# Exercise prompt:
In the listing below, a line holding "Picture of 3POLE" and a line holding "فندق Hampton Inn & Suites Rockland" mark the range. Retype both exactly, with all lines between them.

++++++

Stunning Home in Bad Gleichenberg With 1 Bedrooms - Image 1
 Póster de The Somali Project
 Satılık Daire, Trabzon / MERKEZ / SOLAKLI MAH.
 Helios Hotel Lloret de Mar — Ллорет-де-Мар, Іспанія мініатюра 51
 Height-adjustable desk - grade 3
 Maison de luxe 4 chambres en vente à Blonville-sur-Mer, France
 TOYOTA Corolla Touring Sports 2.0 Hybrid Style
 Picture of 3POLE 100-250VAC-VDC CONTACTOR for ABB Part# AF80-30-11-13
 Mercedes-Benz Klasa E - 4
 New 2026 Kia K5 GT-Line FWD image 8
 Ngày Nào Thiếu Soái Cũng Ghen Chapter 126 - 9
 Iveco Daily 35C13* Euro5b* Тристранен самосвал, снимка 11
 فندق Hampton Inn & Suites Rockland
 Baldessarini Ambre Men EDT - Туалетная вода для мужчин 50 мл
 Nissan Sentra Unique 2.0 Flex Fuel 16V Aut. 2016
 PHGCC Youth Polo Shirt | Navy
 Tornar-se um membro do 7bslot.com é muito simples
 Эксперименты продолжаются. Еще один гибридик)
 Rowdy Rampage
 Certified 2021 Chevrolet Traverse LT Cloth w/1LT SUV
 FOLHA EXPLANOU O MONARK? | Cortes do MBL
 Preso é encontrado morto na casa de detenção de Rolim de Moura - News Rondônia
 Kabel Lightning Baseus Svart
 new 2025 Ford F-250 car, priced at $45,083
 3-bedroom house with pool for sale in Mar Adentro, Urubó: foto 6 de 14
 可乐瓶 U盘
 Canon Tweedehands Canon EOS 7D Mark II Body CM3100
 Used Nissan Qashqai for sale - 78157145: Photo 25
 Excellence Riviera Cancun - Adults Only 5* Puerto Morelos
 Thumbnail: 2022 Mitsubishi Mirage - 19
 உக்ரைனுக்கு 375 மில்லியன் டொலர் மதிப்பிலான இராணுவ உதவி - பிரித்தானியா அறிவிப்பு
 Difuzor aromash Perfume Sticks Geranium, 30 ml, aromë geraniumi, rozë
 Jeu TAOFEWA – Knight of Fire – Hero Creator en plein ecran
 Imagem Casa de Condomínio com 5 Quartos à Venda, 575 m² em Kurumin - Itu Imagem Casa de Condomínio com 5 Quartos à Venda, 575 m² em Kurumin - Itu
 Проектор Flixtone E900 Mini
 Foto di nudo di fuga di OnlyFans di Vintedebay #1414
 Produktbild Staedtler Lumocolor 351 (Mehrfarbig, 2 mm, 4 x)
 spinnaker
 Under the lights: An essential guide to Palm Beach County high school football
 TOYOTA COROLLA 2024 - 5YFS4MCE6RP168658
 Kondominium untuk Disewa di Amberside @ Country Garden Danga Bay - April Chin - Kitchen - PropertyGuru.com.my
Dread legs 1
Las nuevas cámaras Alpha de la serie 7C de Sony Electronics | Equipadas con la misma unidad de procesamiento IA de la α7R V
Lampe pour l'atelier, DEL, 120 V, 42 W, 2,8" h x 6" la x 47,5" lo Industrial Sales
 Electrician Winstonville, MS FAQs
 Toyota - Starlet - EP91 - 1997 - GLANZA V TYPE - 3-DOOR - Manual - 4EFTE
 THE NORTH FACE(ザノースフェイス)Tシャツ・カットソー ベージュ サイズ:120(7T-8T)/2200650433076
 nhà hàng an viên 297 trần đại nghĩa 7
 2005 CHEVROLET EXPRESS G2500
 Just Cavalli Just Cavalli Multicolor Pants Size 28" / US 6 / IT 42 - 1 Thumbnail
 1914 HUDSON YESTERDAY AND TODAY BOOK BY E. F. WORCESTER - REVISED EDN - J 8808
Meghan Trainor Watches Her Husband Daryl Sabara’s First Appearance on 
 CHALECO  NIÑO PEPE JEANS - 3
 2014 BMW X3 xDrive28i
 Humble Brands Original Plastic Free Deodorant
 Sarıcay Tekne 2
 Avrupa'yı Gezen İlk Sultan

++++++

# Answer for this exercise:
 Picture of 3POLE 100-250VAC-VDC CONTACTOR for ABB Part# AF80-30-11-13
 Mercedes-Benz Klasa E - 4
 New 2026 Kia K5 GT-Line FWD image 8
 Ngày Nào Thiếu Soái Cũng Ghen Chapter 126 - 9
 Iveco Daily 35C13* Euro5b* Тристранен самосвал, снимка 11
 فندق Hampton Inn & Suites Rockland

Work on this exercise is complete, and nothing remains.